Mlliyet Milliyet Blog Milliyet Blog
 
Facebook Connect
Blog Kategorileri
 

26 Mayıs '12

 
Kategori
Deneme
 

İhanet nerede başlar?

İhanet nerede başlar?
 

Heybesinde hüzün taşıyan kadın, bugün senin için dolandım kör şehrin dar sokaklarında. Karanlığa inat, kaybolmaya başkaldırı, gözyaşlarına isyan taşıdım koca gün, hediye ettiğin o eski heybede. Hedefim öğütlediğin, yol gösterdiğin ve dualarla süslediğin o siyah inciyi bulmaktı.

Attığı her adım tevafuklarla döşenmiş, rüzgâra sarılmış bir yaprak olmaktansa fırtınaya direnen kuru bir dal olmaya niyetlenmiş o kadını da gördüm ve sordum; “ Pişman mısın? “

Sevmek zaten isyandır, pişmanlıktır, yanmanın ilk adımıdır. Pişmanım, kadere meydan okuduğumu bile bile dile getiriyorum ki, evet, pişmanım.

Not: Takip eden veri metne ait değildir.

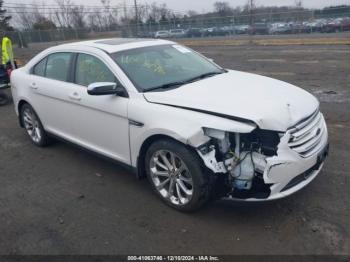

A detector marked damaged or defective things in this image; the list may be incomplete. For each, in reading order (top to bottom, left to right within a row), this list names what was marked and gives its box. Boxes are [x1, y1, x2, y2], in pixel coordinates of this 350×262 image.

other damaged vehicle [10, 38, 328, 211]
crumpled hood [144, 69, 318, 132]
front end damage [196, 110, 330, 201]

Bana siyah inciyi anlat o zaman, bulmama yardım et; pişmanlığını kurtuluşuma yönlendir; yitik hayallerin gezgini yap beni.
Siyah inci arayarak bulunur mu sanırsın, bir giden bir daha geri gelir mi? Arzuya bulanmış bedenler sarmışken birbirlerini, gören gözler gördüler; yeşil bir ışığın o bedenleri terk edip, gittiğini.
 
Sahi, ihanet nerede başlar?
Kadını tere bulamış bir beden olarak görmek midir, ihanet?
Nefeslerin ritminde kıvranan teni tende hissetmek midir?
Nedir ihanet?
İhanet, sevdayı arzulara kurban etmek midir?
Ya bedeli?
Acı çekmektir, zifiri karanlık derinliklerde varlığı meçhul siyah incilerin en siyahını bulmaya mahkûm edilmektir. Sürgündür, prangadır, yerlerde sürünmek ve her zaman başın eğik gezmektir.
Ya kadın?
Kadın aşka yürür sadece, asıl ihanet edenler aşkın bedelini bedenine hapseden, sevdayı o talepkâr diri memelerden ya da aklı ve gönlü bir kenara savuran o kışkırtıcı kadın kokusundan ibaret sanan zavallı erkeklerdir.
Ya iffet, ya namus, ya edep?
İffet gönlün hallerindendir aynen namus ve edep gibi. Gönlü aşka teslim olan, yaşamın değil aşkın kurallarına tabidir. Aşkın iffeti, aşkın namusu ve aşkın edebi söz konusudur artık.
Ya dedikodular?
Taşıyanları yaralar sadece, aşklar cümlelerle yıkılmaz, kelimelerle tahrif edilemez ki.
 
Sahi, ihanet nerede başlar?
Beden midir ilk durağı, ateş gibi yanan tenler midir?
Yoksa niyetlenmek midir, ilk adım ihanetin ta kendisi midir?
 
Siyah inciyi sordun bana, der ki siyah inci “ içinde sevgi varsa, aşk örttüyse üzerlerini ve kalpler başladıysa ‘ aşk, aşk ‘ diye atmaya, başka bir şey varlık bulamaz ki kâinatta. Ne ilk adımdır, ne tendir, ne terk etmelerdir ihanet. “
 
O zaman nedir ihanet?
Sevgine, sevdana, aşkına sahip çıkamamaktır ihanet. Sevdan uğruna ölmeyi talep edememektir ihanet korkmaktır, saklanmaktır. İhanet, sadece ve sadece sevgiye karşı yapılır. Sevdası için savaşmak, yıkmak, yıkılmak değil, o sevdayı bilmem kaç dakikalık sevişmelere harcayacak kadar alçalmaktır, ihanet.
Sustum sevdasının yüceliğini incilere işleyen bu kadının karşısında.
 
Sustum ve el uzattım.
Simsiyah gözlerinde gördüm o siyah inciyi.
Ve sessiz
Ve sözsüz seslendim ona tam yüreğimden;
O siyah inci bende kalsın, aşka ve sevdaya dair öğrenecek çok şeyim var daha, diye…
 
Toplam blog
: 7
: 481
Kayıt tarihi
: 01.01.12
 
 

Balıkesir'de doğdu, İstanbul'da yaşıyor. Mühendis, kendine ait bir Tasarım Ofisi var. Ked..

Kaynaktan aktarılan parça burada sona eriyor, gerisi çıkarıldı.